Fajarnews.co,Kutai Kartanegara – DPRD Kutai Kartanegara (Kukar) menyoroti minimnya program dari Otorita Ibu Kota Nusantara (IKN) yang dirasakan langsung oleh masyarakat di wilayah delineasi, seperti Samboja dan Muara Jawa.
Anggota DPRD Kukar, Rahmat Dermawan, menyebut kondisi saat ini masih menyisakan dilema di tengah masa transisi menuju IKN.
Di satu sisi, pemerintah daerah masih memikul tanggung jawab pelayanan kepada masyarakat, mulai dari sektor kesehatan, pendidikan, hingga bantuan bagi petani dan nelayan. Namun di sisi lain, wilayah tersebut sudah masuk dalam kawasan IKN.
“Ini yang jadi dilematis. Tanggung jawab masih di daerah, tapi wilayahnya sudah masuk IKN,” ujarnya.
Ia menegaskan, kehadiran IKN seharusnya tidak hanya sebatas pengambilalihan wilayah, tetapi juga diikuti dengan program nyata yang dirasakan masyarakat.
Menurutnya, pemerintah IKN perlu aktif menyalurkan program pembangunan dan pemberdayaan agar masyarakat benar-benar merasa menjadi bagian dari IKN.
“Jangan hanya mengkapitalisasi wilayah seperti Samboja dan Muara Jawa, tapi programnya juga harus turun,” tegasnya.
Rahmat mencontohkan persoalan sampah yang hingga kini masih menjadi masalah di wilayah delineasi. Masyarakat tidak memiliki fasilitas pembuangan yang memadai, sementara akses ke fasilitas yang disediakan IKN dinilai jauh dan membutuhkan biaya besar.
“Ini hal sederhana tapi nyata. Masyarakat bingung mau buang sampah ke mana, sementara aturan sudah tidak boleh sembarangan,” jelasnya.
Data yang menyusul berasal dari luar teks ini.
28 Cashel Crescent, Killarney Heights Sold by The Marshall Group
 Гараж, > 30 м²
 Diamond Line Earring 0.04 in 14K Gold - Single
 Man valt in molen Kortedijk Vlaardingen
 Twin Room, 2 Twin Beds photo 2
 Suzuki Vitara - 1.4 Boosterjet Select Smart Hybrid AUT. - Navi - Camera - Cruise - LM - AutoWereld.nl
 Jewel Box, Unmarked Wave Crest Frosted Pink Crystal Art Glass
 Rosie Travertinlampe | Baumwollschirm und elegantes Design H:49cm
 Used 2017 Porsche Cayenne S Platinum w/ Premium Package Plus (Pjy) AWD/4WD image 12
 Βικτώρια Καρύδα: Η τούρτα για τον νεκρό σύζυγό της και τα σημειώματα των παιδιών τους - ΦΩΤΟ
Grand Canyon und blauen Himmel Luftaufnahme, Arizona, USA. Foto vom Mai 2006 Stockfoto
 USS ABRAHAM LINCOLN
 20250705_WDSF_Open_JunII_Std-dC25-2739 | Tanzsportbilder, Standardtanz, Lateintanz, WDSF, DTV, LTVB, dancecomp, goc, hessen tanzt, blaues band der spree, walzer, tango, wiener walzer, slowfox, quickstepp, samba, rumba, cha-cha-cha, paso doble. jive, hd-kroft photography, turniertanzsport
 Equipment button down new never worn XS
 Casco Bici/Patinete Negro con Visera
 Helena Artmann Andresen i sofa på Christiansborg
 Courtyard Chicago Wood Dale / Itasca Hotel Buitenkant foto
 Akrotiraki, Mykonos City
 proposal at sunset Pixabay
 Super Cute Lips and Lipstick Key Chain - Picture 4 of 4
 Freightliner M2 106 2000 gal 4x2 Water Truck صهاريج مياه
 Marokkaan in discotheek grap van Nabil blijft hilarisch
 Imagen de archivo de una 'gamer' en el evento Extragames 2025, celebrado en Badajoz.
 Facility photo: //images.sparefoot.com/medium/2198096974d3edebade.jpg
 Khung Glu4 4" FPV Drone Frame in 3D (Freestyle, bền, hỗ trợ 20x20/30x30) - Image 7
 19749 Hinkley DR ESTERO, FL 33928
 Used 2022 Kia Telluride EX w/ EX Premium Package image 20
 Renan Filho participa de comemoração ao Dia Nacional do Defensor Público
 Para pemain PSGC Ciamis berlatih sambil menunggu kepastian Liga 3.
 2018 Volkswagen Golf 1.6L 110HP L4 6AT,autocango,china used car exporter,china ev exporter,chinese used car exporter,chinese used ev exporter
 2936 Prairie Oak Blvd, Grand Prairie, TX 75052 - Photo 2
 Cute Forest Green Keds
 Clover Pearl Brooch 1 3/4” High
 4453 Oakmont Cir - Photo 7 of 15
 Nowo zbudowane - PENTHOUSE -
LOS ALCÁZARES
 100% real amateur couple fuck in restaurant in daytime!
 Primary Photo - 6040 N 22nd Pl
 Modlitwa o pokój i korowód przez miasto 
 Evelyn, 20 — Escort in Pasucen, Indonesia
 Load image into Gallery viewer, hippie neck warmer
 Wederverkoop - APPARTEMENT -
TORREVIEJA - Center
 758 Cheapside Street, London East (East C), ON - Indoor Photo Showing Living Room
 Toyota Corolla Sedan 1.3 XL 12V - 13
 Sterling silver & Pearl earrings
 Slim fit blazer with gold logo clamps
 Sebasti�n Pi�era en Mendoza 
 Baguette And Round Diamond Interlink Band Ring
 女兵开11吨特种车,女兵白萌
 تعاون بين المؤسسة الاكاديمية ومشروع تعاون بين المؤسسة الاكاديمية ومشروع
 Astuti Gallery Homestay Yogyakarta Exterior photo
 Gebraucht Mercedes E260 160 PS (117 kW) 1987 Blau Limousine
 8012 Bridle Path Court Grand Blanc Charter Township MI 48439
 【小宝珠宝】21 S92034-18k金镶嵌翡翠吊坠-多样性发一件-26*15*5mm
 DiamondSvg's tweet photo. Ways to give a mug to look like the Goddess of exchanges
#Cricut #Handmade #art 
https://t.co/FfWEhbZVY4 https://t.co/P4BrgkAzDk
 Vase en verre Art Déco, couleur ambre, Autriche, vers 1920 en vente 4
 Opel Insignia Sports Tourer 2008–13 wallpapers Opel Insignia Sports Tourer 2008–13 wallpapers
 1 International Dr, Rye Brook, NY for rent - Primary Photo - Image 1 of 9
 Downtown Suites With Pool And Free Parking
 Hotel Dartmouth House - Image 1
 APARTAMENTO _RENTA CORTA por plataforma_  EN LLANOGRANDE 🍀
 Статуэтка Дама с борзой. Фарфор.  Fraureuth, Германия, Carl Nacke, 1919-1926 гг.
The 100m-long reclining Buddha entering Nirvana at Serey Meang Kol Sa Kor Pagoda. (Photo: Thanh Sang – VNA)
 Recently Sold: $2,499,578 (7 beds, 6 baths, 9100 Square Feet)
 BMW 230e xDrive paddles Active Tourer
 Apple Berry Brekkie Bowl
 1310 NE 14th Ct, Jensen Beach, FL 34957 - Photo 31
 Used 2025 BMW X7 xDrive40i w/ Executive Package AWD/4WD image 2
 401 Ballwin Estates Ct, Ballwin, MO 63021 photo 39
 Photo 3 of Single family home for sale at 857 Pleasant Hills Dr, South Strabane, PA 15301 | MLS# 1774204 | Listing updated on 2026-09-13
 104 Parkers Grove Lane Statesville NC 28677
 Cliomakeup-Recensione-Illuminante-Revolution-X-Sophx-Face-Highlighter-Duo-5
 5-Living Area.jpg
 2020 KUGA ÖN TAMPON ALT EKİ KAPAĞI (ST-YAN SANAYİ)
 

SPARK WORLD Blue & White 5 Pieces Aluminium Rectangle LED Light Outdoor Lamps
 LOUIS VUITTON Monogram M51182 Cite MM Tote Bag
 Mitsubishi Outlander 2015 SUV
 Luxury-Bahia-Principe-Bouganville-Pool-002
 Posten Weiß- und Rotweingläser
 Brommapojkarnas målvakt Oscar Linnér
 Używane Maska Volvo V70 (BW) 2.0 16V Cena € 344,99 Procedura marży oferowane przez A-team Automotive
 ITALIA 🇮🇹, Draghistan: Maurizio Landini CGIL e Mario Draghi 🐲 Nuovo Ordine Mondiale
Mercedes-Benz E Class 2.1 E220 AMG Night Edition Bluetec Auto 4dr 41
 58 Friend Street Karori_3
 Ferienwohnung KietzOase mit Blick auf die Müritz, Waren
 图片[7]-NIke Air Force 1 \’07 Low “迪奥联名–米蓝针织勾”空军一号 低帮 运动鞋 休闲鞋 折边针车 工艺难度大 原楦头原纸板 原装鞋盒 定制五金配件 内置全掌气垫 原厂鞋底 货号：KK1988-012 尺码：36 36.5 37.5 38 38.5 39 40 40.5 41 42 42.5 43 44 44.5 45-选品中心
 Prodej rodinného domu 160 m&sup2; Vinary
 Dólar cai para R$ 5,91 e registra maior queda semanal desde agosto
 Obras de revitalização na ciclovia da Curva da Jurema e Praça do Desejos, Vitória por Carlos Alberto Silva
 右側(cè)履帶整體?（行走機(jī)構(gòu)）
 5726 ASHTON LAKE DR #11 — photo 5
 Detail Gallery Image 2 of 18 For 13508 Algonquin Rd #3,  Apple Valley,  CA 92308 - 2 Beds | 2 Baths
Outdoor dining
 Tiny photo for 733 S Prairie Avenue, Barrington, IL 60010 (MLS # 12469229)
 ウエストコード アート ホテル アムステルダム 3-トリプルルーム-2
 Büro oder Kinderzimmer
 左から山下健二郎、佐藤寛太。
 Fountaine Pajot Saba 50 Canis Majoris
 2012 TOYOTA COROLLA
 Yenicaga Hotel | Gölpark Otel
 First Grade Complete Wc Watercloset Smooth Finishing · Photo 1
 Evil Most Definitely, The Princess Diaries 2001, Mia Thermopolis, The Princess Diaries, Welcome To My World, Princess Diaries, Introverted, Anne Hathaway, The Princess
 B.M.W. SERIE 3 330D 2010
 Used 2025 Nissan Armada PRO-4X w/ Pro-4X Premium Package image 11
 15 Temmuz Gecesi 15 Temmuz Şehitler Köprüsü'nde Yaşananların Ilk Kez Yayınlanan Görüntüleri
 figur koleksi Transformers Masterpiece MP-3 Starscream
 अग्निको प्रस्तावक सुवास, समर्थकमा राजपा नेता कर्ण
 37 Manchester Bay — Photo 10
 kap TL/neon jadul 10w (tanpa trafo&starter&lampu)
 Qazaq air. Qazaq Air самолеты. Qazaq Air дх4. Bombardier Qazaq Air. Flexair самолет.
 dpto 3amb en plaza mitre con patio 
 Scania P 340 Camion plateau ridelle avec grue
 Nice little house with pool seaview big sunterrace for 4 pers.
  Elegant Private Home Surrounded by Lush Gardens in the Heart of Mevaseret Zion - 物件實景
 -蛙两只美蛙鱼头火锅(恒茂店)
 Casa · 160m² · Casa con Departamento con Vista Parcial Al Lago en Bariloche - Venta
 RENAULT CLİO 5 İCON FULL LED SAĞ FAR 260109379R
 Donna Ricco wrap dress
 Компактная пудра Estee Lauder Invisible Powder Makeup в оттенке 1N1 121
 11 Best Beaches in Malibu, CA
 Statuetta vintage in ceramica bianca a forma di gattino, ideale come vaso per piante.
Ia menilai, persoalan tersebut menjadi bukti perlunya kehadiran langsung pemerintah IKN dalam menyelesaikan masalah di tingkat masyarakat.
Terlebih, di tengah keterbatasan anggaran pemerintah daerah, dukungan dari IKN menjadi sangat penting agar berbagai persoalan di lapangan dapat segera ditangani.
“Kita ingin IKN hadir dengan program, bukan hanya pembangunan fisik. Masyarakat harus merasakan manfaatnya,” pungkasnya.